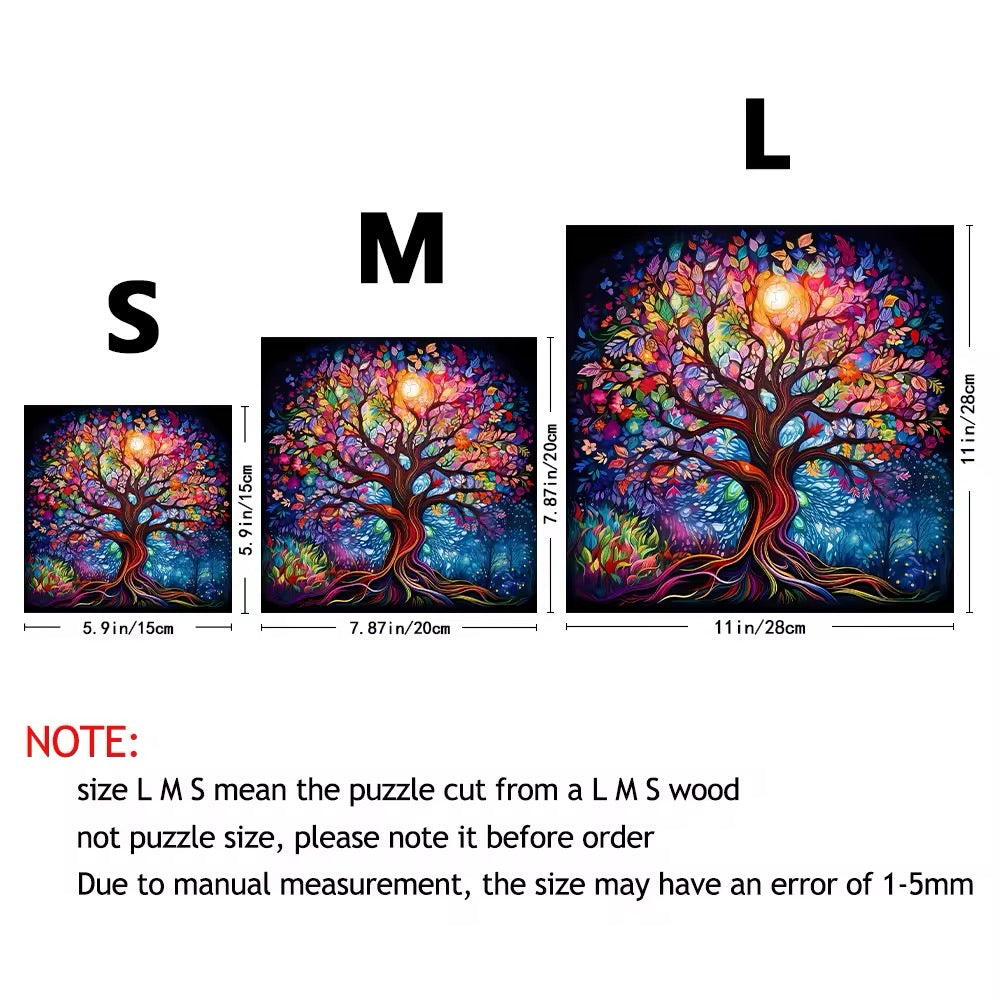 Colorful Tree of Life Wooden Puzzle - Challenging Jigsaw Gift for Puzzle Lovers V Boutique Studio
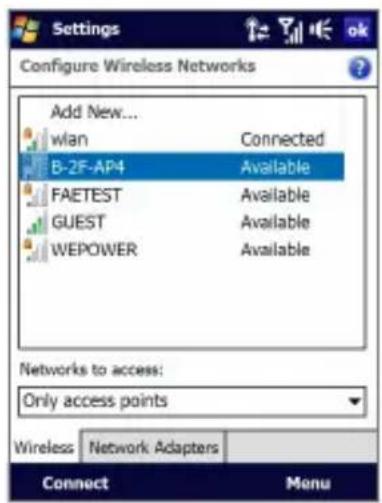 Settings Configure Wireless Networks Add New... wlan Connected B-2F-AP4 Available FAETEST Available GUEST Available WEPOWER Available Networks to access: Only access points Wireless Network Adapters Connect Menu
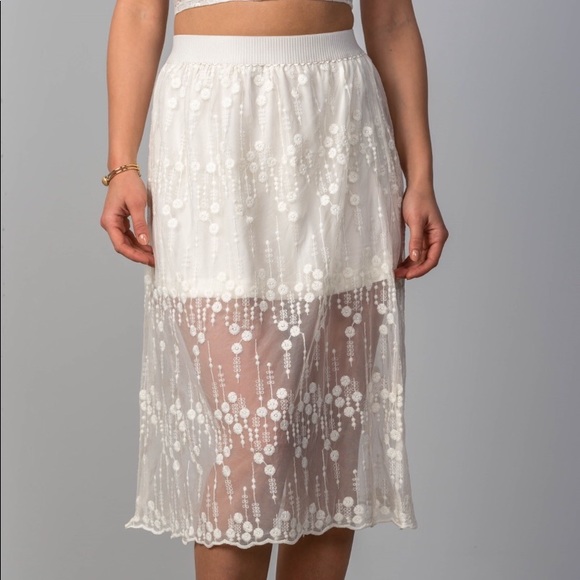 Floral Lace Midi Skirt - Picture 3 of 4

Aim of the task:
Exact copies of the lines from the one containing "Settings Configure Wireless" through the final line of the data are required; pictures are to be omitted.

Result of this task:
 Settings Configure Wireless Networks Add New... wlan Connected B-2F-AP4 Available FAETEST Available GUEST Available WEPOWER Available Networks to access: Only access points Wireless Network Adapters Connect Menu
 Floral Lace Midi Skirt - Picture 3 of 4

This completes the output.